Jim, the oncologist, is a pleasant, straightforward kind of man. He might not call a spade a bloody shovel, but he would definitely call it a spade. I get a shock when he announces that he thinks I need to be on a carbo/Taxol chemotherapy regime, a much tougher one than the carbo/cytoxin. Apart from the fact that it's harder on the system, the Taxol addition means that I'll lose, not just the hair on my head, but every hair on my body. Carbo/Taxol, he says, has now become the gold standard for ovarian cancer
treatment. In one respect, I'm lucky, because at this point in time, the Australian government hasn't approved it for initial treatment, only for recurrences.

Having just recovered from the shock of discovering that I'm going to lose my hair, I then proceed to be really stupid and ask him for a prognosis. He says, as usual, that there aren't many statistics to go on, but that he'd estimate that I have a fifty to eighty percent chance of being alive in five years. All I hear, of course, is the fifty. I give him my rosier version of events, ie. that there was one left-over seed, it's gone now and I'm going to be okay.

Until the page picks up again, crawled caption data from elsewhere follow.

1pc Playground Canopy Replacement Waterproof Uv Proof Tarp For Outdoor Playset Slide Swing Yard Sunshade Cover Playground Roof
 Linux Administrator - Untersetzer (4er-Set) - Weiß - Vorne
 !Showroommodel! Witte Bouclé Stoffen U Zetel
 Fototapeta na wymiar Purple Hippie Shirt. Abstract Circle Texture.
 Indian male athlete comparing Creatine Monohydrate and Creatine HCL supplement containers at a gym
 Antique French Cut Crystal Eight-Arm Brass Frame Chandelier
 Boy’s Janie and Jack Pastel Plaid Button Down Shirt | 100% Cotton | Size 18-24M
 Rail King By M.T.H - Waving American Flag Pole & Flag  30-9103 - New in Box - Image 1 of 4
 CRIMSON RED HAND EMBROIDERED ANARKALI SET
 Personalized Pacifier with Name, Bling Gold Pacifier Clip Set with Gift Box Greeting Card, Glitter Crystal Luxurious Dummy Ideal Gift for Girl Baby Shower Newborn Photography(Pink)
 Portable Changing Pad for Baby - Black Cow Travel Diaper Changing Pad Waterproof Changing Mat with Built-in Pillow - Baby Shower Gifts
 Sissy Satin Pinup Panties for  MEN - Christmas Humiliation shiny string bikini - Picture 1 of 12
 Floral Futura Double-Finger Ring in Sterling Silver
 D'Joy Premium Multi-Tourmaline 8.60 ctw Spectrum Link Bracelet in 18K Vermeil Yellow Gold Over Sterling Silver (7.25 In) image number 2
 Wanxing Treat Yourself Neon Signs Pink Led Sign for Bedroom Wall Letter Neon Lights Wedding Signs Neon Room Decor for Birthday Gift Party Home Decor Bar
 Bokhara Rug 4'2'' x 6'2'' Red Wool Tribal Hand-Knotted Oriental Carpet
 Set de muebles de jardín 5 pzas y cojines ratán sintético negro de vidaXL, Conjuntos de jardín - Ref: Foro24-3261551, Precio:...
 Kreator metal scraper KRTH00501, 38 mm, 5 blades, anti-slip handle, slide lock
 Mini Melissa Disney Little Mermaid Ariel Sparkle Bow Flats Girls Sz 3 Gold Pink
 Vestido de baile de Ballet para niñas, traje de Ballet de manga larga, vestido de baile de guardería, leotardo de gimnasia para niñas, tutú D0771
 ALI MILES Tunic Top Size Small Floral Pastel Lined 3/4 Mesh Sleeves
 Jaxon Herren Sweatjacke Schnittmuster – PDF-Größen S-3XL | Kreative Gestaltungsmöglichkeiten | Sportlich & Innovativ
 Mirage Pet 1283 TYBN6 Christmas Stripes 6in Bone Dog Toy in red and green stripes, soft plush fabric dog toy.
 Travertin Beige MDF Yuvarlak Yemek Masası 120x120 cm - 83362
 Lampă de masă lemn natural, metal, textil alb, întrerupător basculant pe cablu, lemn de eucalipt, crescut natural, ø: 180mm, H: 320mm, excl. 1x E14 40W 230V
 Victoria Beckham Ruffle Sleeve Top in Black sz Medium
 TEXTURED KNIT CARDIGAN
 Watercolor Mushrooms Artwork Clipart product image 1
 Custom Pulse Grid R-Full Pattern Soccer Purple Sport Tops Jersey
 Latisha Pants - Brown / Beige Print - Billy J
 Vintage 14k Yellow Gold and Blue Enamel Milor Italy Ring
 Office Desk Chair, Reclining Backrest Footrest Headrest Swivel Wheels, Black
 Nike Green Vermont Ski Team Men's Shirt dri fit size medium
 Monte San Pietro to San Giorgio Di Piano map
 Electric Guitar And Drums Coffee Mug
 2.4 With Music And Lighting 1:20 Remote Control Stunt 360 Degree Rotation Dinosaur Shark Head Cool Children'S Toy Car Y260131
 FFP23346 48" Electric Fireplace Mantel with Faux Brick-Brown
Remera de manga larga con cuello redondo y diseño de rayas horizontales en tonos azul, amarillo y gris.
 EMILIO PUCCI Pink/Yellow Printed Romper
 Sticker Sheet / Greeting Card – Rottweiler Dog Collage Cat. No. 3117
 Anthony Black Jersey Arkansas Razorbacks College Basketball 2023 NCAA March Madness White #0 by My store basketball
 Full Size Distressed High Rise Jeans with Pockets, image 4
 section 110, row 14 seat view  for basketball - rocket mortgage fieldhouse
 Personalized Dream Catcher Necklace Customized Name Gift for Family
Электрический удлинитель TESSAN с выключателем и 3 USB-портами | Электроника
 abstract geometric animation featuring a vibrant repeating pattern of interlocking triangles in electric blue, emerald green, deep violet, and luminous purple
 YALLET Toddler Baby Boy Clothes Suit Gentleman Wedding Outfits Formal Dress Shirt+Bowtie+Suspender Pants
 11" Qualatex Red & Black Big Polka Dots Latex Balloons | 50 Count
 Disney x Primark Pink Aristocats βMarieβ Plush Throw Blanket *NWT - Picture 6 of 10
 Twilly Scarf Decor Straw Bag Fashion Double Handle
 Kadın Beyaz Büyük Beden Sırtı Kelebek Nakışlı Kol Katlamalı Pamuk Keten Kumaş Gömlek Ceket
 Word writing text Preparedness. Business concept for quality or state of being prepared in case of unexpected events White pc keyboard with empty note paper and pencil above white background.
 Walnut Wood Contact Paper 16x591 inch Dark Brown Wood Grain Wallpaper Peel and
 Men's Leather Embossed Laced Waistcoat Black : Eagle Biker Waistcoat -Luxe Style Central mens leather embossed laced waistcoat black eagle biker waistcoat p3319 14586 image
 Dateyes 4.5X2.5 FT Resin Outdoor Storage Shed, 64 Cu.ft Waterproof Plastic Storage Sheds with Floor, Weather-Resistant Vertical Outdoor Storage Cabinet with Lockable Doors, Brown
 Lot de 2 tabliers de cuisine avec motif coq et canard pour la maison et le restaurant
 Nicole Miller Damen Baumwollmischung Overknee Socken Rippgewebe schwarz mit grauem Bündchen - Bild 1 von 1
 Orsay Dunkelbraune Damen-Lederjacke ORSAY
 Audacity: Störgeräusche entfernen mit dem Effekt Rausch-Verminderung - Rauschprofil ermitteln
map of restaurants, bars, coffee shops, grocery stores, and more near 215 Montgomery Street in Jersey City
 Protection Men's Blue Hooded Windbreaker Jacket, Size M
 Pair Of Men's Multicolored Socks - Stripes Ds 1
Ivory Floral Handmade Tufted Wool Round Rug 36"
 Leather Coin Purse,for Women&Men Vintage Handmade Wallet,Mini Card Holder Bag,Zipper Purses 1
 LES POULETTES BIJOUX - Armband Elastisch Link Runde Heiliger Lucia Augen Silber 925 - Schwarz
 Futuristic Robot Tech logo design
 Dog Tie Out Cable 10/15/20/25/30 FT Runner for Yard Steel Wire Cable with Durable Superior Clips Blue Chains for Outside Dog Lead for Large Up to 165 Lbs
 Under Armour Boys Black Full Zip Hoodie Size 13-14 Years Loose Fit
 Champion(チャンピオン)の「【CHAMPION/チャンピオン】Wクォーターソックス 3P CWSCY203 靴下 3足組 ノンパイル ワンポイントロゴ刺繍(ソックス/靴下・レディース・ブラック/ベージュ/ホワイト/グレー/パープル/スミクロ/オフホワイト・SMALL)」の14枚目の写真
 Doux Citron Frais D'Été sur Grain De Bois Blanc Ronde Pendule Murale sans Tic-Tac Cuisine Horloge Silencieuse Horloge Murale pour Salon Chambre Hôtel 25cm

He proceeds to shoot this one down in flames. If there was one seed left over, there were many lurking all over the place. That's why I need the chemotherapy—to clean them out. He's not being nasty as he says this, just telling me what he believes.

I go home in shock at suddenly being demoted from someone who had a ninety-five percent chance of cure, to someone who has only a fifty percent chance of being alive in five years' time. I note, too, that the figures don't mean that I'd be cured, or even well, in five years' time if I was in the lucky half. Only that I'd be alive.

I've known of course that a recurrence changes the picture, but having someone say it out loud makes it terrifyingly real. I wake the next morning feeling tearful and wondering how much time I'll have left with Amantha. She and I cry together and the mood slowly lifts.

The next morning, I think things through. Jim was
obviously just trying to impart to me what knowledge he has. But the truth is that he simply doesn't know what's going to happen. There may be seeds left over, or there may not. He has no way of telling. I may be dead in five years, or I may not. He doesn't know that either. The future isn't fixed. For anyone. Even if the odds are a thousand to one, everyone's entitled to hope that they'll be the one. And someone has to be.

In the old days, doctors didn't even mention the word cancer to their patients. The impact of the diagnosis was thought to be so frightening that to deliver it was like delivering a curse; one that could lead to the patient dying even earlier, out of sheer terror and hopelessness. Only close relatives were told the ‘secret'.

Nowadays, the pendulum has swung right around. Doctors deliver the truth with the zeal of reformists. Largely, that's driven by legal and ethical issues and the change of cultural climate. But as well as that, delivering the ‘hard news' can free them of it. They don't have to ‘carry' it for the patient. The trouble is, it can leave the patient staggering with the impact.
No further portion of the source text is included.